__WORK TASK__
Please set down the lines of the listing exactly, from its first line to the line with "5440 Wade Park", leaving the pictures out.

__SOURCE MATERIAL__

#####

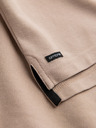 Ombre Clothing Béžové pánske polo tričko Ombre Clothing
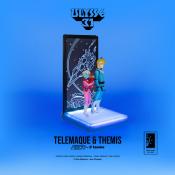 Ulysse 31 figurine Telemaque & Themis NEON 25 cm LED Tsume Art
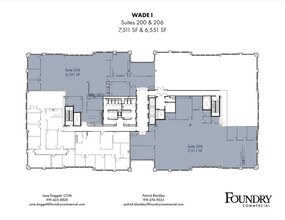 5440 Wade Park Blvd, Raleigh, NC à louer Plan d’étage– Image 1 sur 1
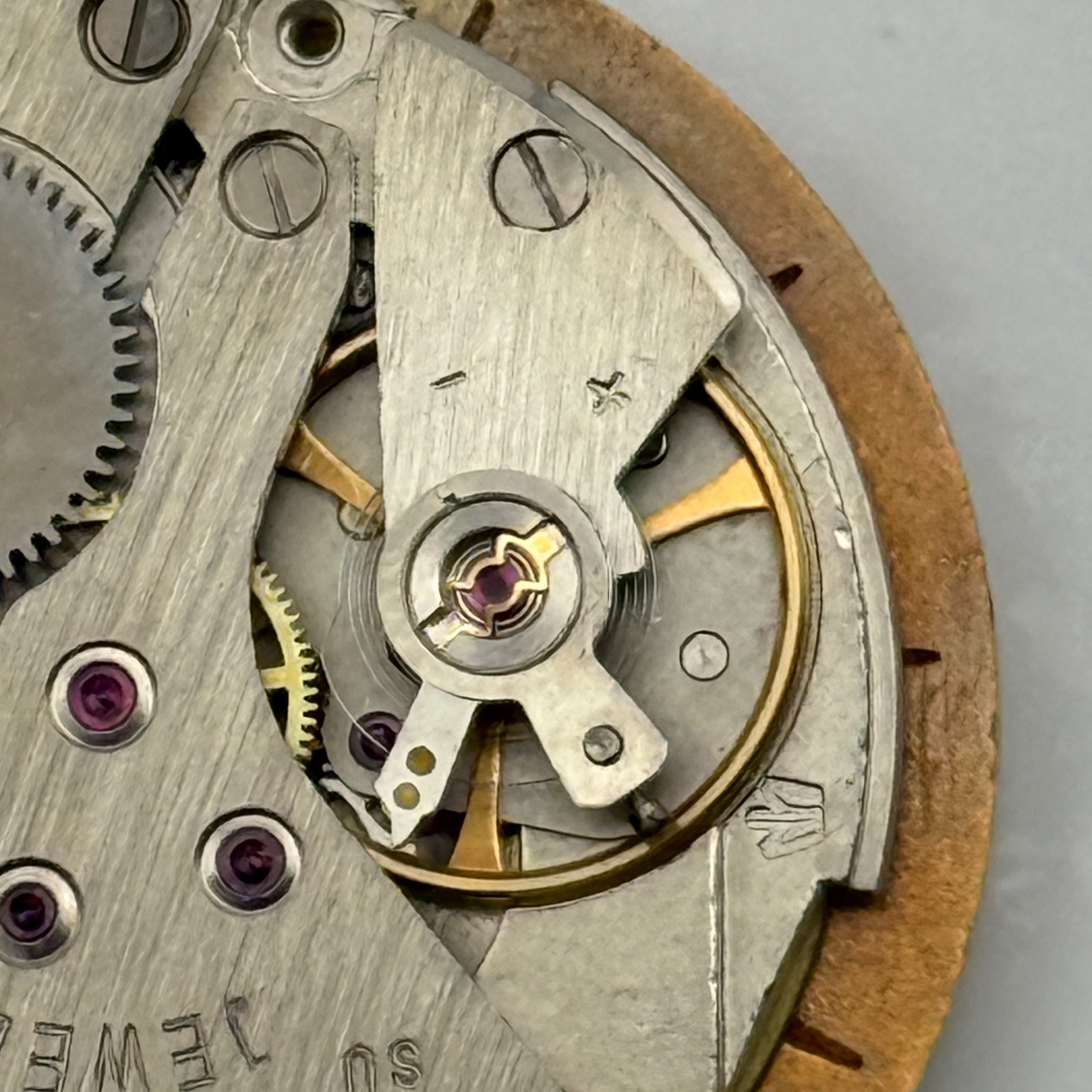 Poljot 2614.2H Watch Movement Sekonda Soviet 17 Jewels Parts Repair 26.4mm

#####

__OUTPUT OF THE EXERCISE__
 Ombre Clothing Béžové pánske polo tričko Ombre Clothing
 Ulysse 31 figurine Telemaque & Themis NEON 25 cm LED Tsume Art
 5440 Wade Park Blvd, Raleigh, NC à louer Plan d’étage– Image 1 sur 1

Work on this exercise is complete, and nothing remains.